人魚の肉
昔、日本の海辺の村には、人魚の肉を食べた女の話が伝わっていた。
女は八百年を生きたとされ、やがて尼僧となって国を巡り歩いた。
その名は「八百比丘尼」。
嘘か誠か彼女は数百年生きながらえたと言う。
やがてこの噂は海を越え、遥か西洋の地にも届いた。
不老不死を渇望していた為政者たちは、この話に強い関心を抱いた。
「人魚の肉を食べれば、永遠の命が得られる」
人魚はグリーンランド付近にいる事が判明した。
荒れた北の海で、人魚の姿を探して出航は幾度にも及んだ。
しかし彼女らは容易には捕まらなかった。
捕らえられることを恐れ、深く深く海の底へと潜っていったからだ。
人魚の瞳は怯えを帯び、歌うこともやめ、ただ闇の奥へ逃げ続けた。
けれども海の深みには、彼女らにとって過酷すぎる力が待ち構えていた。

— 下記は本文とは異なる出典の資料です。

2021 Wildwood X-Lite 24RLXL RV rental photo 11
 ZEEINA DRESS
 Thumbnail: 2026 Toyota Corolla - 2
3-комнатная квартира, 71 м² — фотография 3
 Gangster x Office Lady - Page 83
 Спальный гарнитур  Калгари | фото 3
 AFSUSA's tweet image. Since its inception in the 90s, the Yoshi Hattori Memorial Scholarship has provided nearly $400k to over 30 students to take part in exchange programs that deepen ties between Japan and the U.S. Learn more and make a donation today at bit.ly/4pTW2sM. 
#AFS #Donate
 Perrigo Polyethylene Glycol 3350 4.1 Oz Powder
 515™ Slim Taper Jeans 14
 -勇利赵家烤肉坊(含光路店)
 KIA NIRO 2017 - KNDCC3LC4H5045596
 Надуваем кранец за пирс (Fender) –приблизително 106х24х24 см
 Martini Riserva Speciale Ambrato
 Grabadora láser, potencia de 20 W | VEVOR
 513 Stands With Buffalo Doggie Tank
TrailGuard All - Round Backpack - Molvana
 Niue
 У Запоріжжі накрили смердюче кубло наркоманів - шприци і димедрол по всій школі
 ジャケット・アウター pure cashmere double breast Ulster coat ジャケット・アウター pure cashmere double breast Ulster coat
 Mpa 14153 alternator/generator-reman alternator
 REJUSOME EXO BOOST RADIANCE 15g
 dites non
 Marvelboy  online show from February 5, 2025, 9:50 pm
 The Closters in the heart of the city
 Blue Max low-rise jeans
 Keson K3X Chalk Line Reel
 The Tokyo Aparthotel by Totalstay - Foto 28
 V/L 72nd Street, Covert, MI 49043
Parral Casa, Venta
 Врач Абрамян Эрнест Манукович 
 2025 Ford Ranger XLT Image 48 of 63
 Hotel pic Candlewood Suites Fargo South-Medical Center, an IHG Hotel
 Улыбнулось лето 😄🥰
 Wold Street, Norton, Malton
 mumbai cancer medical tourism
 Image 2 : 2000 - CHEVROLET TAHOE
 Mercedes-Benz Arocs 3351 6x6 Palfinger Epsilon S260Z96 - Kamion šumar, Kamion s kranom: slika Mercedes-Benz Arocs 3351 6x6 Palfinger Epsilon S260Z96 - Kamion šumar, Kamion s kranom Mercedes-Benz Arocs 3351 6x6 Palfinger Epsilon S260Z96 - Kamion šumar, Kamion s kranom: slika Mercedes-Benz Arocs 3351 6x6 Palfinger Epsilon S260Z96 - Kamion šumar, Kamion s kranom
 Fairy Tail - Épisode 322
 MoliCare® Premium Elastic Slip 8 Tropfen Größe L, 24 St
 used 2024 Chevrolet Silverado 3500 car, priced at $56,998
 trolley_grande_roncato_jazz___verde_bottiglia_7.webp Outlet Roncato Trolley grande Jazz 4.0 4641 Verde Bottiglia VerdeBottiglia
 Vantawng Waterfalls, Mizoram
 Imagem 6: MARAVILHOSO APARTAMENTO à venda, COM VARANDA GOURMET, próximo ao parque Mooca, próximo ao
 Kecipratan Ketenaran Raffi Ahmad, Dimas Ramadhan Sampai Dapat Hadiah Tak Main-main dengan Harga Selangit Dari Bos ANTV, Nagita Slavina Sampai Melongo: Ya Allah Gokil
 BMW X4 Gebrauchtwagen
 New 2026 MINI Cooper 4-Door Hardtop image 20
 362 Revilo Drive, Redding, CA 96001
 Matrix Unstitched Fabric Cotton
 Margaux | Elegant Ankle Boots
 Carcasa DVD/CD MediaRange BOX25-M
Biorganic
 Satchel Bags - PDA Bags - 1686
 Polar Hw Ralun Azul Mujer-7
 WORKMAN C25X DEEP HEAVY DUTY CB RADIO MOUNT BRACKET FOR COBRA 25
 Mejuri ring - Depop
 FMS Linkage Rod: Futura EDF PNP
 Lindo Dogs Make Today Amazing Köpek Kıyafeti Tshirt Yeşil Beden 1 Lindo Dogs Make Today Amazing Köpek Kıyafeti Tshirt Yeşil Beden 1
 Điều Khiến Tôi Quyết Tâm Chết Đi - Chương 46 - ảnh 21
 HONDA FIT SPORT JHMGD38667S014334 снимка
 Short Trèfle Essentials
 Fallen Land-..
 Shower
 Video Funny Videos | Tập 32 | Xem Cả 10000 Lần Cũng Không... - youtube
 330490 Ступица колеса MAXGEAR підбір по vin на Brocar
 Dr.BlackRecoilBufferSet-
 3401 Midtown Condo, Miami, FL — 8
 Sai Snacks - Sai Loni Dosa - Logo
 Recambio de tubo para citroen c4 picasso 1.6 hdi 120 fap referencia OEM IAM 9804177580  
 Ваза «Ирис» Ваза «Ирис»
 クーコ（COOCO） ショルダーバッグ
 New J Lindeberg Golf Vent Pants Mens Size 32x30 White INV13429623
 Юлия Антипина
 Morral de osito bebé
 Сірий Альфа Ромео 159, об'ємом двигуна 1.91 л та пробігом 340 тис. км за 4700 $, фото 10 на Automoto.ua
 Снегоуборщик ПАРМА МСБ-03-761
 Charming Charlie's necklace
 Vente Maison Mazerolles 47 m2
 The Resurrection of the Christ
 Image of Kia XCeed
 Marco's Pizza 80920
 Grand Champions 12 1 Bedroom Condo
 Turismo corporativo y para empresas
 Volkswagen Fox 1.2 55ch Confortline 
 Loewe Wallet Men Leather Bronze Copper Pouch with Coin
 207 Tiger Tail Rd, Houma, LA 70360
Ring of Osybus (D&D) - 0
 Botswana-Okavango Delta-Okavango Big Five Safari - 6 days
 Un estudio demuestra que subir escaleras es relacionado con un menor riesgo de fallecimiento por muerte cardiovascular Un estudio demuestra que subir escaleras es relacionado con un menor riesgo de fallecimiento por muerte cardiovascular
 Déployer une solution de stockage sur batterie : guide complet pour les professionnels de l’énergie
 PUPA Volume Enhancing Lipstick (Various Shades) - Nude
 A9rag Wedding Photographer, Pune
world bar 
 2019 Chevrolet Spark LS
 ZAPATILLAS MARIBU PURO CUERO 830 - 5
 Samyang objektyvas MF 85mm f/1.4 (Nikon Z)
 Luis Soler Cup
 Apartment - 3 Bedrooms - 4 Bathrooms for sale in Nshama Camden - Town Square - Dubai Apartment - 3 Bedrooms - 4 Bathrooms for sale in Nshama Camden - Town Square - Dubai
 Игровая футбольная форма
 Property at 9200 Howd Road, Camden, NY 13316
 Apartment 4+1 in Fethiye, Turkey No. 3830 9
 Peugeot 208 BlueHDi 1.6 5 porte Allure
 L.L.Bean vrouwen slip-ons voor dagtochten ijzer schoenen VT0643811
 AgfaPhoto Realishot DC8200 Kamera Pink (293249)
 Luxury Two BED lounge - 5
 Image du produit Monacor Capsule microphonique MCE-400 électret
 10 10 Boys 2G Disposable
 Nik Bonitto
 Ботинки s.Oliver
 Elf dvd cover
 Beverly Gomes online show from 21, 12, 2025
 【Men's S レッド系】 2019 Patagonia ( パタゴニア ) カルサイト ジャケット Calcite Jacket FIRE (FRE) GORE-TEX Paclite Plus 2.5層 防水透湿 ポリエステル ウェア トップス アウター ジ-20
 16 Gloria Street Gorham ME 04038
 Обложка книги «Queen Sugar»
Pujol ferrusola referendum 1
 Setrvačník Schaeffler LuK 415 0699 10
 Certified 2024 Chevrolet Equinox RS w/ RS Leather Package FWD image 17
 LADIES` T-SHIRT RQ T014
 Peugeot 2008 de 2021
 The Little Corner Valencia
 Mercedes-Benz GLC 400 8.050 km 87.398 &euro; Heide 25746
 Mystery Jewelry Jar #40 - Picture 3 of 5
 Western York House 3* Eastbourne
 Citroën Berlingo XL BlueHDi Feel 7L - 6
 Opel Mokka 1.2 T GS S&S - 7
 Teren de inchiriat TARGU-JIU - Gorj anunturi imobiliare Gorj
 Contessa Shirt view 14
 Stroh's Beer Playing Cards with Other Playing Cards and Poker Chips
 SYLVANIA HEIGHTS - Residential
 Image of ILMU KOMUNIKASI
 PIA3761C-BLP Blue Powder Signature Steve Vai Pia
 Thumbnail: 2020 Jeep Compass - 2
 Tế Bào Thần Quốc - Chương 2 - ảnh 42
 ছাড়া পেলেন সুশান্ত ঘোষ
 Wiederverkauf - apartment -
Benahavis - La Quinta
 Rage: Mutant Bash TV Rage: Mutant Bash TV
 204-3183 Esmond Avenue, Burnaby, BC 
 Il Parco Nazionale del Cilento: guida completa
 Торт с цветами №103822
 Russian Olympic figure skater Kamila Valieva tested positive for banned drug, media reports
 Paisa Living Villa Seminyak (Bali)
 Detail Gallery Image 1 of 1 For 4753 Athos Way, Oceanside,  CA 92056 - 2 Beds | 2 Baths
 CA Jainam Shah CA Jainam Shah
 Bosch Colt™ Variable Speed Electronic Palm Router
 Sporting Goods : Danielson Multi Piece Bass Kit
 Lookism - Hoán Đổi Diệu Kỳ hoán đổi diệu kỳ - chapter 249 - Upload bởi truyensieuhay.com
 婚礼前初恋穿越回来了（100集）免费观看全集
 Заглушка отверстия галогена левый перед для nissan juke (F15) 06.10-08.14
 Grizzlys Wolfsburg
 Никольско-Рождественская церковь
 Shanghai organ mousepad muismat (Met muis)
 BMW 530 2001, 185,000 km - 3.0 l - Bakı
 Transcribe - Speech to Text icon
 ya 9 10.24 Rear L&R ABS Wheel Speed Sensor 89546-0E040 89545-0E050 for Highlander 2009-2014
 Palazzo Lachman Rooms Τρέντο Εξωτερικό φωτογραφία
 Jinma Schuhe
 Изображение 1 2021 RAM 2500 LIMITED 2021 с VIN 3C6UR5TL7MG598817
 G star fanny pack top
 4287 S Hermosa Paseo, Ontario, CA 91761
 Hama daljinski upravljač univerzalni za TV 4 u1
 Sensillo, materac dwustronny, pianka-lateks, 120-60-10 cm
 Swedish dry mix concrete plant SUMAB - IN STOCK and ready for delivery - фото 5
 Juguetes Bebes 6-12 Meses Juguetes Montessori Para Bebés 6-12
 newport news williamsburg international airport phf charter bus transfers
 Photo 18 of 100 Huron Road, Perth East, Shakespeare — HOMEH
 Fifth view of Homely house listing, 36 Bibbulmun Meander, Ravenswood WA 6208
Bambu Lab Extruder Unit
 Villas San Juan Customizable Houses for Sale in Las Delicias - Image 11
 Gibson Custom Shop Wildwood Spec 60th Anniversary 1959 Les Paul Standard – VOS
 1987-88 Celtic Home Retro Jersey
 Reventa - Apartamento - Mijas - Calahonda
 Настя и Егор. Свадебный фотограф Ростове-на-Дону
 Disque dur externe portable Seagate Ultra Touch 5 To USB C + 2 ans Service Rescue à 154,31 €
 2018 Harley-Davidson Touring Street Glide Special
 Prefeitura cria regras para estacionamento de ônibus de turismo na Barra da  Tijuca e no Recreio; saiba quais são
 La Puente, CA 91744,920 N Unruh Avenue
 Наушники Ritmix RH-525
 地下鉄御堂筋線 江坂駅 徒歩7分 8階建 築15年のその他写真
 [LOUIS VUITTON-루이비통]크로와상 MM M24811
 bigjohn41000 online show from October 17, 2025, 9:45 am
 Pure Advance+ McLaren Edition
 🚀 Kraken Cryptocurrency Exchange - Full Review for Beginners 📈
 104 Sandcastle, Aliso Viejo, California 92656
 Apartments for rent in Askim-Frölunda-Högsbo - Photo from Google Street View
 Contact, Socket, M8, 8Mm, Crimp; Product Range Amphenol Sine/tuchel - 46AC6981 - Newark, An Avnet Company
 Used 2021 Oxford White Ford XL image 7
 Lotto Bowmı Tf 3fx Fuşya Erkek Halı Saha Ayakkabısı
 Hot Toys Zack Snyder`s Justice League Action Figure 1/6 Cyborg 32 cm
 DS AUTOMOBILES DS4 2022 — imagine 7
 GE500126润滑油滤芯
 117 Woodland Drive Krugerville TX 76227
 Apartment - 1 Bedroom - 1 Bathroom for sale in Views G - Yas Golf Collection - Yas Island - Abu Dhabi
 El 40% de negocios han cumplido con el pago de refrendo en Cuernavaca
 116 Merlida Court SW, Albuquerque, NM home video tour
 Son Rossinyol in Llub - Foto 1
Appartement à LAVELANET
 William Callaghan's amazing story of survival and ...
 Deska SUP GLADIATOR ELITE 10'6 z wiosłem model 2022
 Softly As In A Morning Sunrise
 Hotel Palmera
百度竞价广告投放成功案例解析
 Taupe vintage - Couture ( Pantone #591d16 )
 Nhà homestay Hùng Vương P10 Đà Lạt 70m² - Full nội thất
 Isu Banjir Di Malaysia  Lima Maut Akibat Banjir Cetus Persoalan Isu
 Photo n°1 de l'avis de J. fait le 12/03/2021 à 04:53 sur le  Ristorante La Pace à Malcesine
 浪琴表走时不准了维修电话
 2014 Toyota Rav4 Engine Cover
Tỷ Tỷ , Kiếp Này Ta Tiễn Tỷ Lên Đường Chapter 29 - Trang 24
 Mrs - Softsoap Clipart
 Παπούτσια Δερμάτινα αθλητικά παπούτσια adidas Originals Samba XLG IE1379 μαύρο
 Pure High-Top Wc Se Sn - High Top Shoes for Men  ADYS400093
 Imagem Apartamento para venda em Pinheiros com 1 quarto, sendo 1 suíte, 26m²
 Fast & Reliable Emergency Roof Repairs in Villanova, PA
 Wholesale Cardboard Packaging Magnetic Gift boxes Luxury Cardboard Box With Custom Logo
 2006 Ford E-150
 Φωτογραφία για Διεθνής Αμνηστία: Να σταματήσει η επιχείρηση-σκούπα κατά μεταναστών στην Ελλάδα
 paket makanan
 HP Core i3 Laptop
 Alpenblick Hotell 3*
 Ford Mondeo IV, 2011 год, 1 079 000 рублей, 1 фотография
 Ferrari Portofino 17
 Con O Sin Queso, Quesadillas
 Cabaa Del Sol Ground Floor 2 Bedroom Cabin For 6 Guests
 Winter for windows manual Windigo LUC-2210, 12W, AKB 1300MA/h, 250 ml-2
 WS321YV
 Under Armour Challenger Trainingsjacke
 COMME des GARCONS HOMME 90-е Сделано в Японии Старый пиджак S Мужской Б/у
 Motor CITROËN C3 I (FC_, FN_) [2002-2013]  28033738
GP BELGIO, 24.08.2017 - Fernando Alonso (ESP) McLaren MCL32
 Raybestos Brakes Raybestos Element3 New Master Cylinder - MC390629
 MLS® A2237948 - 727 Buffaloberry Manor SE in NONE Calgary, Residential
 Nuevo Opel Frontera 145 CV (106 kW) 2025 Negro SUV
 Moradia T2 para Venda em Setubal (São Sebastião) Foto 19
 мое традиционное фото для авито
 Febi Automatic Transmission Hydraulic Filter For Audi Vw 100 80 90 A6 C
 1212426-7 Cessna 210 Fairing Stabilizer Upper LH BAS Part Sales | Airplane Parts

水圧が骨を砕き、血を押し出し、命は次々と絶えていったのだ。
結局人魚達は人間には捕獲されないまま全滅した。
その肉は…全て鮫が食べた。
人魚を食べた鮫とは?
「ニシオンデンザメ」
以下Wikipediaより抜粋
北大西洋全域と、沿岸沖の大陸棚地帯に生息。英名が示すように、グリーンランド近辺の海域にも分布。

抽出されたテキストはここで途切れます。